* _Activity_:
Find the number of lines containing the string "Sport" in the data. Answer with the number by itself.

* _Entries shown_:
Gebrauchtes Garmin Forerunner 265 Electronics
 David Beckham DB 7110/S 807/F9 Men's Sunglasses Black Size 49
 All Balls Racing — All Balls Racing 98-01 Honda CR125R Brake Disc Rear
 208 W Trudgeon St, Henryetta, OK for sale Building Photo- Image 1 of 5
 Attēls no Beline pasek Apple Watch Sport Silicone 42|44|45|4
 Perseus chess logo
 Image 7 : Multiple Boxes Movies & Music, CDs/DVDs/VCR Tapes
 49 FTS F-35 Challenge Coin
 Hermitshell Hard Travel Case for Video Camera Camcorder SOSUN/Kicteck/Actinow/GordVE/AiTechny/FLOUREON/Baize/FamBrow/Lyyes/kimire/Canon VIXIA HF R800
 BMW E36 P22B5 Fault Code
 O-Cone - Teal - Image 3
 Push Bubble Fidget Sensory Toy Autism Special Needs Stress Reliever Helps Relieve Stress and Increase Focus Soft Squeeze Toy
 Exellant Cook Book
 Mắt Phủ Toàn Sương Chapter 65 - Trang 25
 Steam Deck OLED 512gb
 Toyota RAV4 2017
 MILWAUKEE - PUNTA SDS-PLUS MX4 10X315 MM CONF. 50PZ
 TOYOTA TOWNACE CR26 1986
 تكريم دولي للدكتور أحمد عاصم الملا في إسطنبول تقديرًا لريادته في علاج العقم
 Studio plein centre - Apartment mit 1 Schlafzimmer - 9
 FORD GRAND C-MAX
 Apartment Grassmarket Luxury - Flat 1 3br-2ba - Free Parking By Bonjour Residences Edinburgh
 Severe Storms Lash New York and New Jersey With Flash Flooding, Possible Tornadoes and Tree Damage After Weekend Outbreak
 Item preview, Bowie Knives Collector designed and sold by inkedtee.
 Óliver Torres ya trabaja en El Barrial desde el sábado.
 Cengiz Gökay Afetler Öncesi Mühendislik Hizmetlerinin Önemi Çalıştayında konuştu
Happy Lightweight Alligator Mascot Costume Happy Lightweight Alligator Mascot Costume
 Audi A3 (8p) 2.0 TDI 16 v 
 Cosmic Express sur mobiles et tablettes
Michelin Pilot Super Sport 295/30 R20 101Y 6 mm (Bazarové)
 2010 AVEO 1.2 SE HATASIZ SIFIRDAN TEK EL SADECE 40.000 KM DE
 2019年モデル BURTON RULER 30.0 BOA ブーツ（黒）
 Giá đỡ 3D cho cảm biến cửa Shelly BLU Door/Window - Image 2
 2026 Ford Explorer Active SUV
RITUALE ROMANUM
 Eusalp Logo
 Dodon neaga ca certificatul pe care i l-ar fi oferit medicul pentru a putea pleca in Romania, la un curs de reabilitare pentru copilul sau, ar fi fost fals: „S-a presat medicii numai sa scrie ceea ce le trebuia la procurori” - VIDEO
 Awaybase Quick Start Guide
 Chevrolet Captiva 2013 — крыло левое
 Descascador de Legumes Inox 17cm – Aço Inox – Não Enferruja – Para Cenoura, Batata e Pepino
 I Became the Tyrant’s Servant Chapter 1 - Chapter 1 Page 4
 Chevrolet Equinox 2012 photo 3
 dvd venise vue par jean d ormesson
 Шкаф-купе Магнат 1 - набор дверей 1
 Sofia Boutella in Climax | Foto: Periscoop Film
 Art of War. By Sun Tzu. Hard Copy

* _Response below_:
2